When the Salomon staff showed us both shoes, the first thing we did was to flip them to check their almost-identical outsoles. Our first reaction was that of hesitation when we saw Speedcross 4’s. Speedcross 3 has dots on its lugs, but Speedcross 4 doesn’t. To us, this was initially a red flag because we assumed that the dots helped with traction.
There are two other changes introduced to the Speedcross 4. One, the lugs are a bit taller than Speedcross 3’s. Two, the midsole (or at least the heel portion) is taller as well.
We asked the lady to explain what these changes can do, but she couldn’t give the answer we were looking for.
Obviously, we still went ahead and bought the new version.
Speedcross 4 Has Better Grip on Tiled Surfaces
When traveling abroad, we always make sure to pack light to comply with the 7-kg hand-carry requirement of airline companies. It’s therefore imperative that my footwear can serve at least two purposes – as both hiking and walking shoes.

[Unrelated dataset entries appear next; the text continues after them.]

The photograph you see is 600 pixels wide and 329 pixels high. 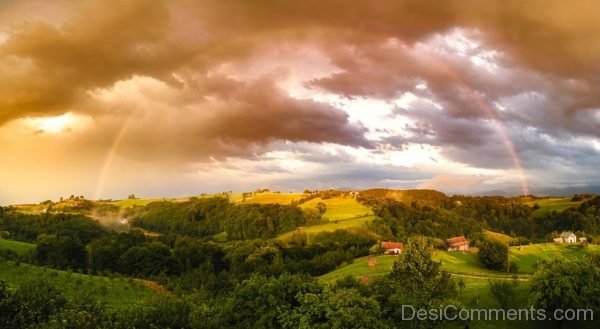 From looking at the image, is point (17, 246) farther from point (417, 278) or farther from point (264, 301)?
point (417, 278)

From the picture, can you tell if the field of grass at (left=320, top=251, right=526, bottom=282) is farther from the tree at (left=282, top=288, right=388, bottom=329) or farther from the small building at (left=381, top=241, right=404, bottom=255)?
the tree at (left=282, top=288, right=388, bottom=329)

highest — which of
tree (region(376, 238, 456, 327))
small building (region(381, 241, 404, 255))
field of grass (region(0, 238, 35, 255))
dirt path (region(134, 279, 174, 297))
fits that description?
tree (region(376, 238, 456, 327))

We found that this goal can be difficult to obtain because our previous pairs (i.e., Speedcross 3 and Merrell’s All Out Terra Light) did not do well on smooth, tiled, and flat surfaces. Meaning, their outsoles may work well on the mountains, but they’re slippery on airport floors, especially when moist or wet.

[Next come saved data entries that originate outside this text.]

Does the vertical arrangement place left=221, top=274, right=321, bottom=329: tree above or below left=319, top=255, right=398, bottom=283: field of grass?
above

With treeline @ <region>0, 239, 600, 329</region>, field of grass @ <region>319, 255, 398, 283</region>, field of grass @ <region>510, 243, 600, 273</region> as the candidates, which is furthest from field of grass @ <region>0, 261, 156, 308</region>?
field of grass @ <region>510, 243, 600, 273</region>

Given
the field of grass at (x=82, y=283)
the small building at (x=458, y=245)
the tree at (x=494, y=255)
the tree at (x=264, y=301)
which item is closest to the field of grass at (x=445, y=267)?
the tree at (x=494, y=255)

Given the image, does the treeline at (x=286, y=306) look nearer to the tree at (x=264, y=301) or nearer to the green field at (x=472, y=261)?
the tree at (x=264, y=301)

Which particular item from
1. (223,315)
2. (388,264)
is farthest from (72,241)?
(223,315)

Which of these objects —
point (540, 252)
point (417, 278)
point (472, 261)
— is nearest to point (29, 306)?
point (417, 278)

Thankfully, Salomon has fixed this problem with the Speedcross 4. We’re not saying it’s 100% slip-proof, but the grip is A LOT better compared to its predecessor.
Wet Jungle Trails Are Not a Problem with Speedcross 4 But…

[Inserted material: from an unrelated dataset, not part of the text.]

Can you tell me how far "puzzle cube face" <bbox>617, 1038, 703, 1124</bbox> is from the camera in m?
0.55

Upon research, we learned that Speedcross 4 is equipped with a feature called “Premium Wet Traction Contagrip.” Perhaps this can explain the shoes’ good performance on wet, flat surfaces?
In Phnom Kulen, we had to walk through a swamp and a long stretch of wet jungle footpaths. The shoes had no problem tackling swampy and muddy trails, but it wasn’t reliable on mossy rocks and wet roots.
Speedcross 4 Breezes Through Rocks and Boulders Just Fine
This applies to Phnom Kulen’s sandstones, Mt. Rokko’s boulders, and Mt. Fuji’s volcanic rocks. These surfaces can give the most stress on our feet, but the Speedcross 4 managed to deal with them just fine.
In the past, when we were still using a different brand, our feet, particularly the arch, would hurt after a hike. But when we switched, we no longer had any post-hike pain.
With the Speedcross 4, we love that the insides are well-cushioned, and the soles are thick enough to prevent me from feeling the ruggedness of rocky surfaces (unless the rocks are really pointy).
In Japan, our Speedcross 4 was able to give us a nice grip when ascending and descending Mt. Fuji’s rough paths (images below) and Mt. Rokko’s boulders. We don’t recall any instance when we slipped on our way up to the summit.
The lugs are durable, too. On our way down, we used the “heel kicking technique” to tackle Mt. Fuji’s slippery trail of crushed lava rocks. Those kicks were pretty aggressive, so we expected the lugs to come off. But they didn’t. Had we worn our Speedcross 3, we don’t think the lugs would be as neatly intact given the same amount of pressure applied on the same type of surface.
We’re happy with the Speedcross 4’s performance. We’d like to stick to it for now, or at least until a newer version (or a better brand) comes along.